In a 2019 interview with Syfy Wire, Byrne said it didn’t take much to give Jennifer one of her most unique abilities. “When [Marvel editor] Mark Gruenwald was talking to me about doing a new She-Hulk book, he said, ‘Find a way to make it different. I took the subway home and on the way I thought, she knows she’s in a comic book.”
This not only let She-Hulk stand out from other Marvel titles, but also let Byrne show off a sense of humor.
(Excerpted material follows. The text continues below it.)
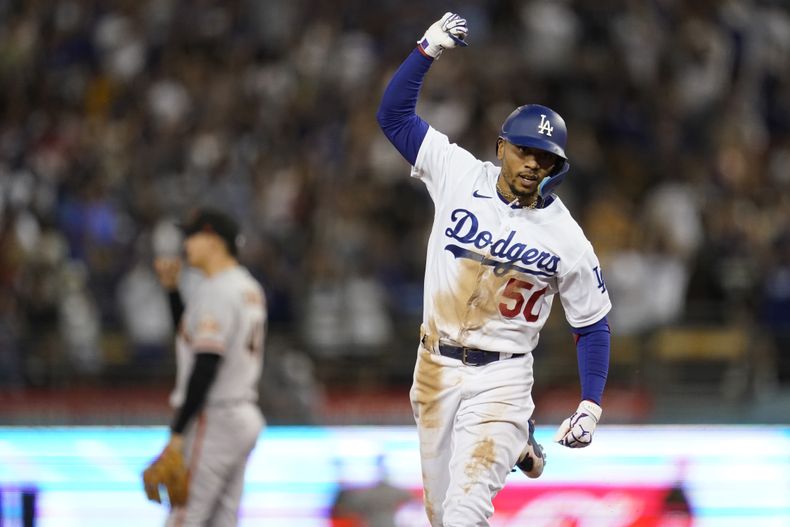 DEP-BEI GIGANTES-DODGERS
In the first issue, She-Hulk tells readers to buy her book or else she’ll “rip up all your X-Men.”
In another famous case, Byrne drew a provocative cover for Sensational She-Hulk #43 where Jennifer says, “I’ve got to do something to sell this book!” One issue later, Jennifer is bundled up in winter coats and claiming “the powers that be say I’ve been pushing it on my past few covers.”
But the She-Hulk team is also aware that it’s much more common to break the fourth wall in 2022 than it was when Byrne was writing and illustrating She-Hulk in the ’90s. What used to be fresh is now a little overcooked.
It’s not that She-Hulk simply broke the fourth wall, it’s that she was a commentary on the comic book industry too. In issue #43, She-Hulk (drawn by Byrne) shamelessly uses her sex appeal to sell her comic.
But in the following issue, Jennifer is forced to cover up, based on the grievances of Marvel corporate. All of this was a playful jab at the censorship standards of the day.
She-Hulk’s presence as a self-aware protagonist even included roping in John Byrne himself for a storyline.
Director and producer Kat Coiro, who oversaw the majority of She-Hulk’s first season, doesn’t mind being compared to a show that does it impressively.
“I would never complain about being compared to Fleabag,” Coiro tells Inverse. “I think it’s a fantastic show that features a complicated, imperfect woman, which we haven’t had enough of until this era. I hope She-Hulk becomes that, that new type of show that features real, complicated women.”
But Coiro thinks She-Hulk has her own take to distinguish herself from Fleabag, Deadpool, and Ferris Bueller. “It has to do with being aware of the narrative put upon you, and taking control,” Coiro says. “So often in film and media, women are along for the ride. They’re not driving the story. Part of Jennifer Walters’ story is realizing that someone else’s hand is on the wheel, and she wants to control how she gets to where she gets.”
Gao says breaking the fourth wall with She-Hulk is “quintessential” and “a foundational part of who this character is.” Even if a lot of other characters are doing it now, that won’t stop She-Hulk from continuing to do it her way.
“There’s no world where I see a She-Hulk show without using that part of her,” Gao says. “It’s one of the top things I associate with She-Hulk. I don’t think she would be She-Hulk without it.”
She-Hulk: Attorney At Law streams new episodes Thursdays on Disney+.